Sharabiani Mansour, Mahani Alireza, Bottle Alex, Srinivasan Yadav, Issitt Richard, Stoica Serban
School of Public Health, Imperial College London, London, UK.
New York Stock Exchange, New York, United States.
Sci Rep. 2025 Jul 1;15(1):20847. doi: 10.1038/s41598-025-04651-8.
The emergence of large language models (LLMs) opens new horizons to leverage, often unused, information in clinical text.

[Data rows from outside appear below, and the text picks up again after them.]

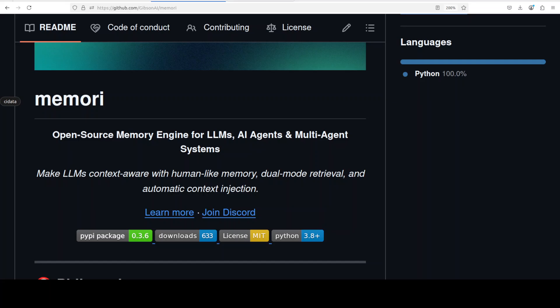Memori supports multiple databases as a store like SQLite, Postgres, MySQL and integrates universally with any LLM library including OpenAI, Anthropic and LiteLLM. I haven't really seen any integration with Ollama yet but I will see if it does. I will create another video later on.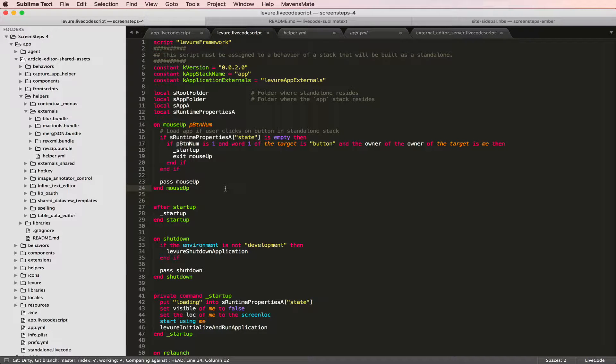I'm going to show you some settings in Sublime Text that you can change to improve the editing experience.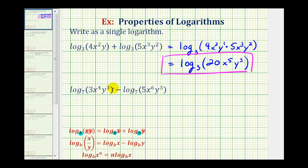Looking at the second example, notice how we have a difference. So we'll be using the quotient property of logarithms: log base b of x divided by y equals log base b of x minus log base b of y.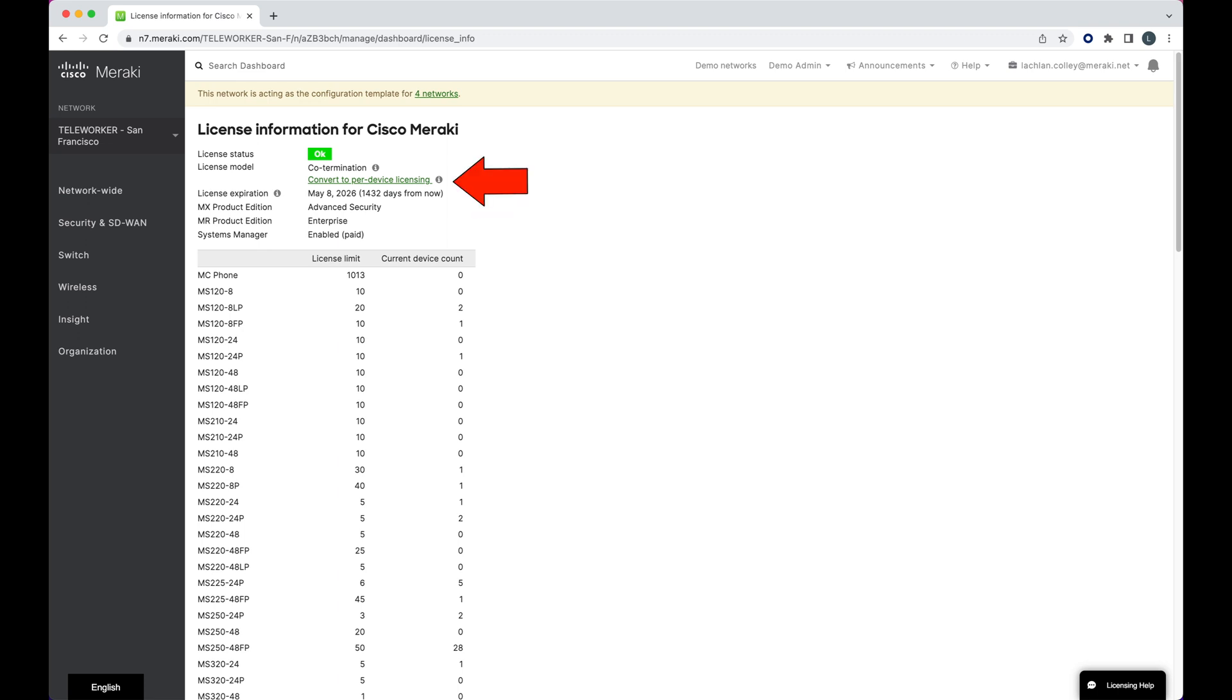If we opted for the per device licensing model, this is a one directional change and does mean every device is managed entirely independently. As you can imagine, this means you end up with a large number of individual licenses due for renewal at separate times.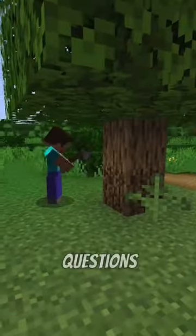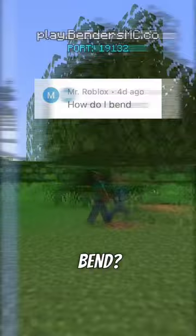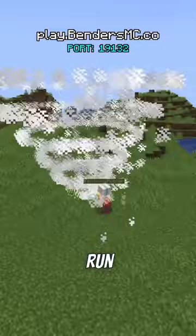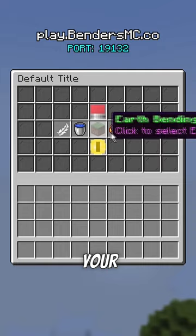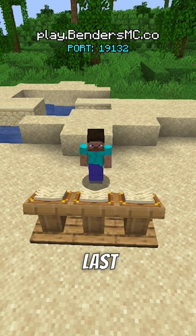One of the most common questions I get from new players on my Minecraft server is how do I bend? If you want to figure out how to harness the power of the four elements on my server, all you have to do is run these two commands. First is /choose, which brings up a menu where you can select your bending. Or you could also type /bending choose and then the element you want if you've already figured it out.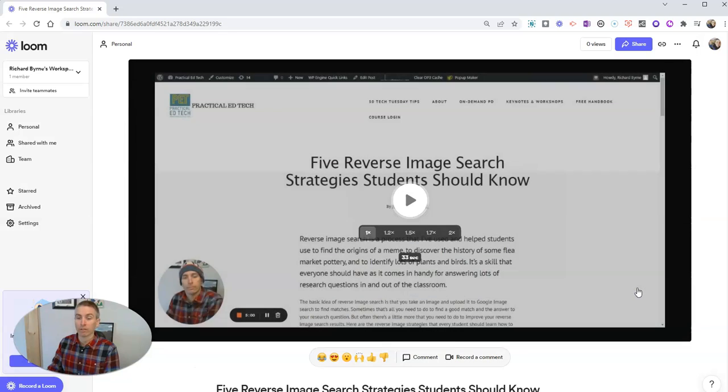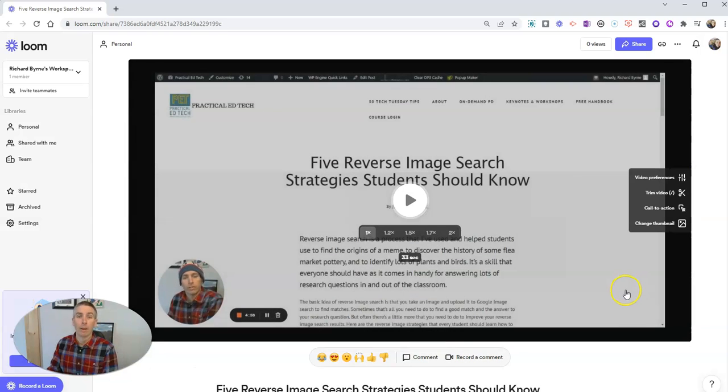So save those preferences, and now that background noise is suppressed for me.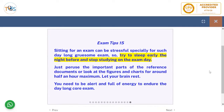Sitting for an exam can be stressful, especially for this one. Try to sleep early the night before and stop studying on the exam day. Just review the important parts of the reference documents and look at the figures, charts, and especially the flashcards for around half an hour maximum. Let your brain rest — you need to be alert and full of energy to endure the day-long core exam. Thank you for listening.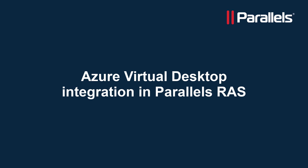This video is part of our Parallels Tech Byte series. In this video we'll demonstrate the integration between Parallels RAS and Microsoft Azure Virtual Desktop.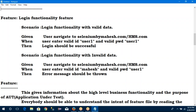Along with given, when, then — there are some other keywords: background, example, scenario outline — multiple conditions are there. But every scenario compulsorily contains given, when, then. Background means one step required for each and every scenario — I can make it as a background. Scenario outline is used when I need to test multiple values. Here I am checking with only single value — user1 and user1. If I need to check 10 IDs and passwords, I need to go for scenario outline with examples tables.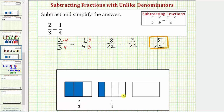Let's also look at the model shown below. If we define the rectangle as one whole, this is the model for two-thirds, and this is the model for one-fourth. We want to remove one-fourth from two-thirds, or this amount from this amount. To do this, we need the pieces to be the same size.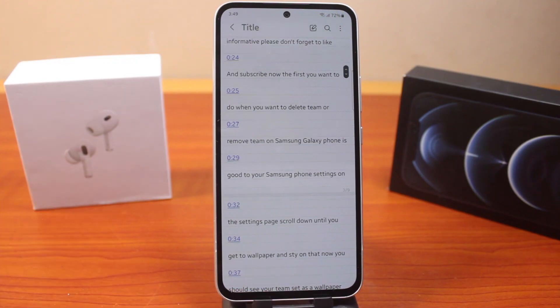This is how you can easily copy a YouTube transcript on your phone. If you found this helpful, please don't forget to like and subscribe.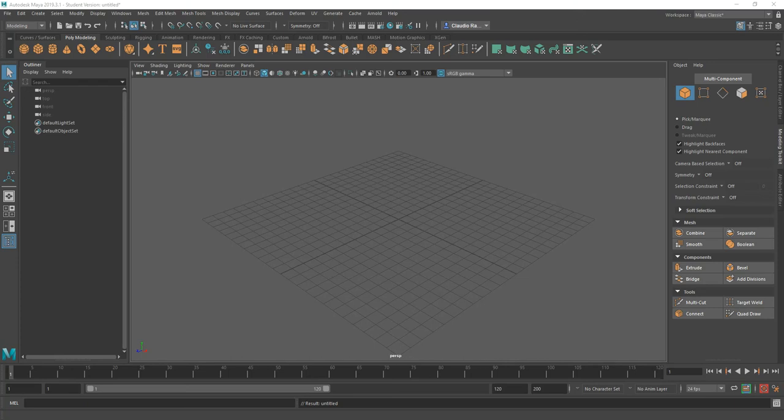Hi guys, I received a couple of emails regarding how to create honeycomb textures, and I presume that this is because for your first project you're trying to do something like this. So I thought I'd put together this short video to showcase how something like that is achieved.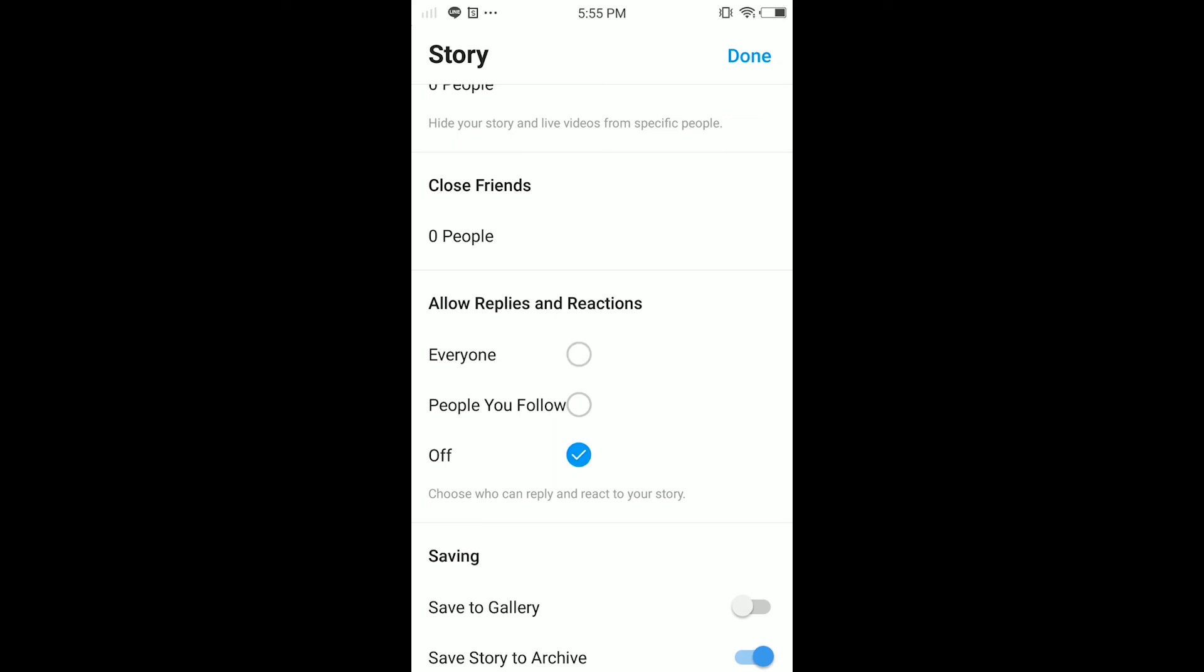When I post a story, no one can reply to me. So guys, you can choose only people that you follow can reply to your Instagram story, or just turn it off for everyone. Once you turn it off, once you select off, just tap done.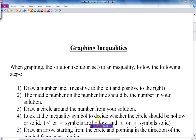In this screencast, we're going to talk about graphing the solution — in other words, the answer to an inequality. There are a few steps we need to follow, but it's quite straightforward once we understand the principles. So first of all, let's just take an example.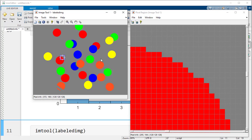So dear learners, we have segmented a color image into six different segments or clusters using k-means clustering in MATLAB. If you have any queries, you can reach me through YouTube comments or my email address. Thank you and take care.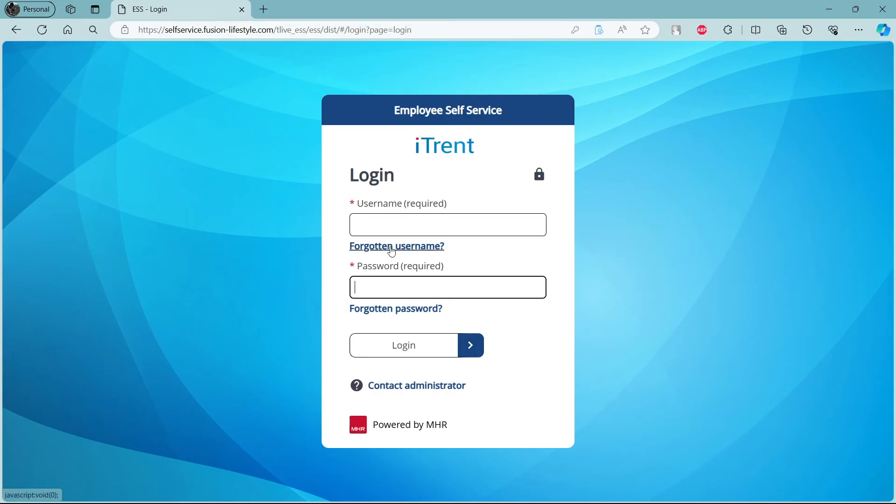If in case you've forgotten your username or your password, these are the two links you want to follow through.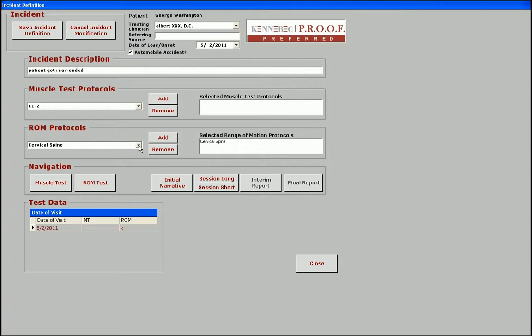Let's go ahead and check out the range of motion protocols. There are three predefined protocols that come with the system: thoracic, lumbar, and cervical. In another area of the software, you can also create your own protocols. The protocols give you a quick way of assigning a number of tests without having to assign each test individually.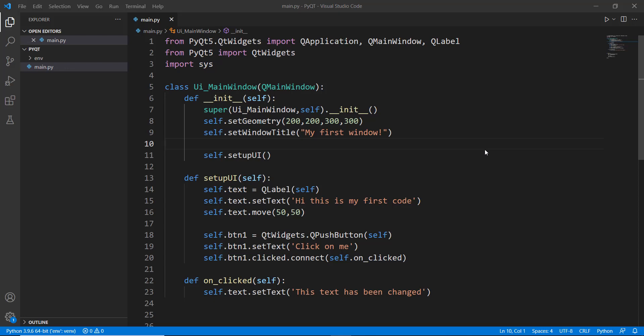Welcome back to this Python video series on PyQt5. In this video we are going to learn how to use Qt Designer to drag and drop objects.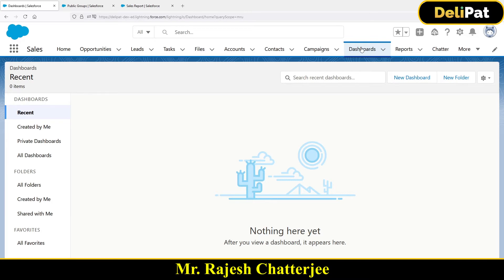For example, you might create 10 reports on the Opportunity object — this month's revenue report, next month's revenue report based on close date, reports where amount is greater than a thousand, and so on. One single dashboard will include all those reports, so when a business user opens the dashboard they get to see the data from all 10 different reports at once.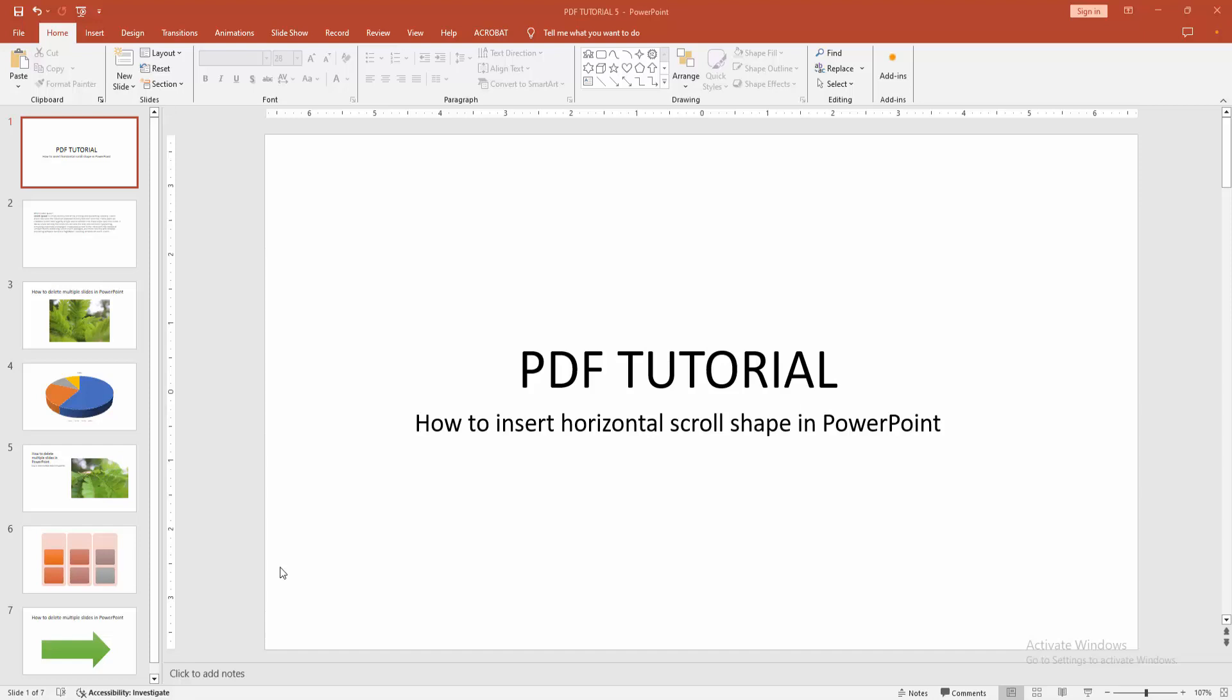Asalaamu Alaikum. Hello friends, how are you? Welcome back to another video. In this video, I'm going to show you how to insert a horizontal scroll shape in PowerPoint. Let's get started.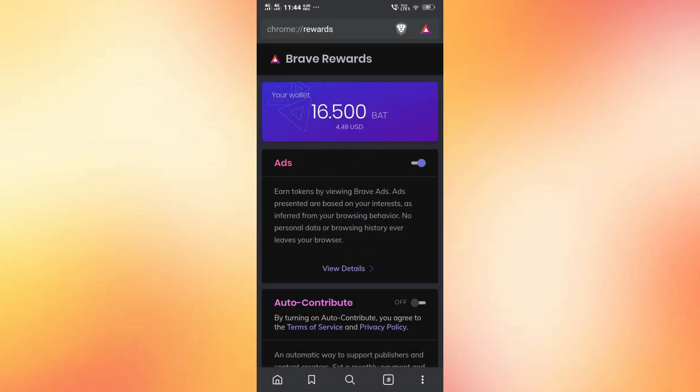And just like that, you're all set to manage your Brave Rewards directly through your Brave Wallet. That's it. I'll be back with more in the next video.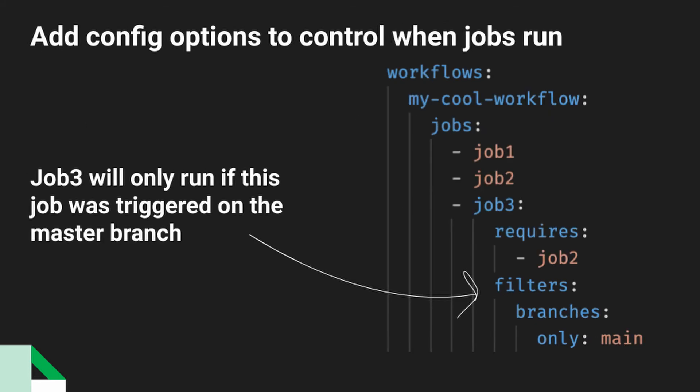So we're adding a little bit more here. We're controlling when things happen. You'll see that this is still the same workflow - my cool workflow - we have job one, we have job two, we have job three, and it's still dependent on job two. But we've added a new filters key to job three. And we told the filters key that we would like to filter on branches, and we only want it to run on our main branch.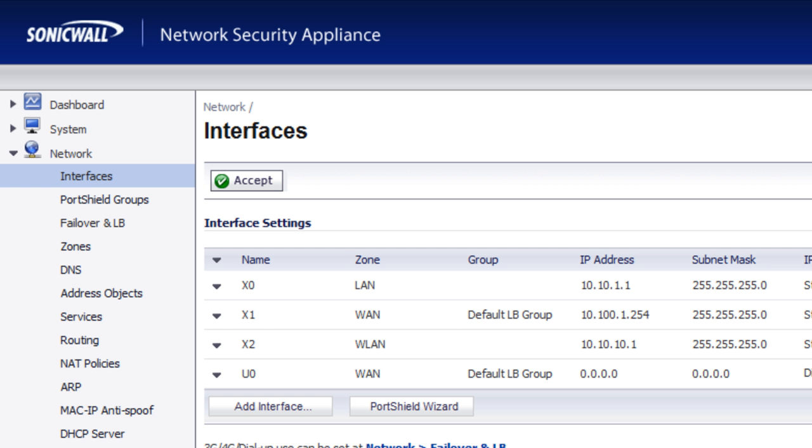Hello, Brian Reed here with Firewalls.com. In this video, I'm going to show you how you can use a 3G USB wireless modem as a WAN failover connection in the event that your primary WAN or ISP connection goes offline.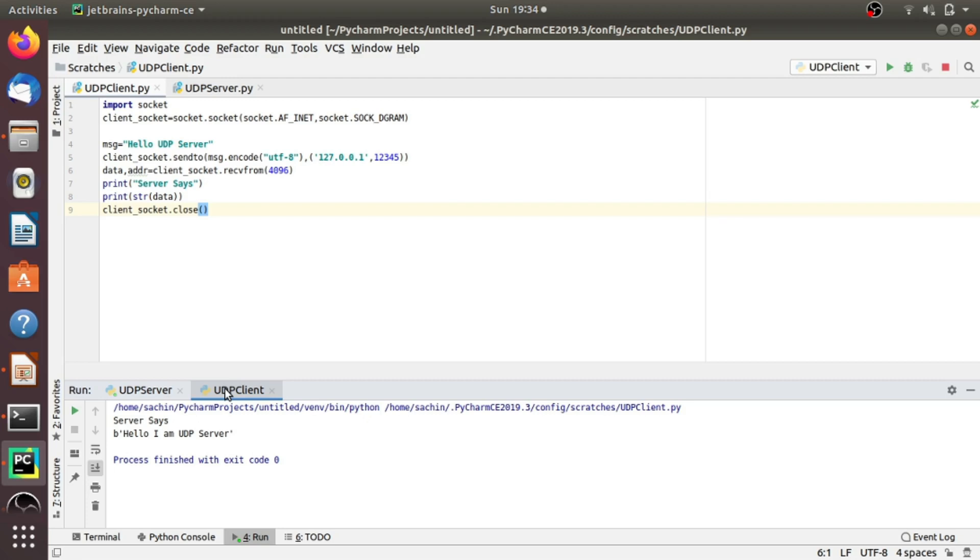So in this lecture, we have seen the message successfully received and sent between the server and the client. We were also able to get knowledge of how UDP sockets work. Thank you everyone.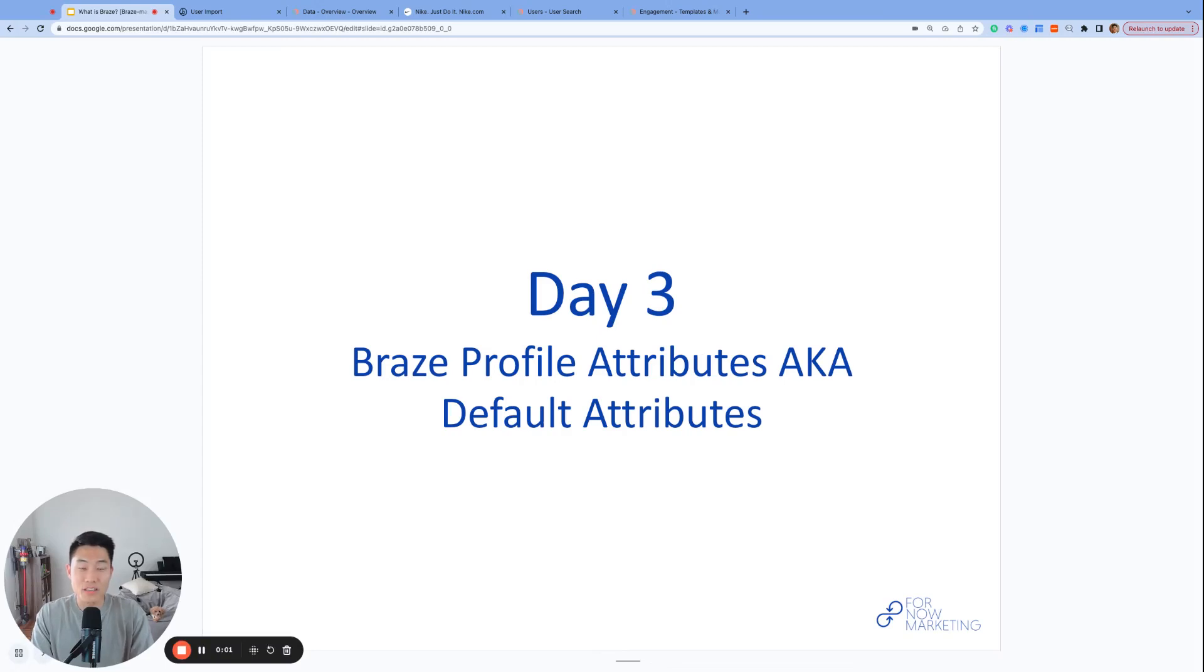What's up, everyone? My name is Alan, founder and consultant at Front Out Marketing, and welcome to day three of Brazemys 2023.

Our study aims to capitalise on this new potential. Specifically, we examine the utility of text embeddings generated by LLMs in predicting postoperative acute kidney injury (AKI) in paediatric cardiopulmonary bypass (CPB) patients using electronic health record (EHR) text, and propose methods for explaining their output. AKI could be a serious complication in paediatric CPB and its accurate prediction can significantly improve patient outcomes by enabling timely interventions. We evaluate various text embedding algorithms such as Doc2Vec, top-performing sentence transformers on Hugging Face, and commercial LLMs from Google and OpenAI. We benchmark the cross-validated performance of these 'AI models' against a 'baseline model' as well as an established clinically-defined 'expert model'. The baseline model includes structured features, i.e., patient gender, age, height, body mass index and length of operation. The majority of AI models surpass, not only the baseline model, but also the expert model. An ensemble of AI and clinical-expert models improves discriminative performance by 23% compared to the baseline model. Consistency of patient clusters formed from AI-generated embeddings with clinical-expert clusters-measured via the adjusted rand index and adjusted mutual information metrics-illustrates the medical validity of LLM embeddings. We create a reverse mapping from the numeric embedding space to the natural-language domain via the embedding-based clusters, generating medical labels for the clusters in the process. We also use text-generating LLMs to summarise the differences between AI and expert clusters. Such 'explainability' outputs can increase medical practitioners' trust in the AI applications, and help generate new hypotheses, e.g., by studying the association of cluster memberships and outcomes of interest.
大语言模型(LLMs)的出现为利用临床文本中通常未被使用的信息开辟了新的视野。我们的研究旨在利用这一新潜力。具体而言,我们使用电子健康记录(EHR)文本,研究大语言模型生成的文本嵌入在预测小儿体外循环(CPB)患者术后急性肾损伤(AKI)方面的效用,并提出解释其输出的方法。AKI可能是小儿CPB中的一种严重并发症,其准确预测可通过及时干预显著改善患者预后。我们评估了各种文本嵌入算法,如Doc2Vec、Hugging Face上表现最佳的句子变换器,以及谷歌和OpenAI的商业大语言模型。我们将这些“人工智能模型”的交叉验证性能与“基线模型”以及既定的临床定义“专家模型”进行基准比较。基线模型包括结构化特征,即患者性别、年龄、身高、体重指数和手术时长。大多数人工智能模型不仅超过了基线模型,还超过了专家模型。与基线模型相比,人工智能和临床专家模型的组合将判别性能提高了23%。通过调整兰德指数和调整互信息指标衡量,由人工智能生成的嵌入形成的患者聚类与临床专家聚类的一致性说明了大语言模型嵌入的医学有效性。我们通过基于嵌入的聚类创建从数字嵌入空间到自然语言领域的反向映射,在此过程中为聚类生成医学标签。我们还使用文本生成大语言模型来总结人工智能聚类和专家聚类之间的差异。这种“可解释性”输出可以增加医学从业者对人工智能应用的信任,并有助于生成新的假设,例如通过研究聚类成员与感兴趣的结果之间的关联。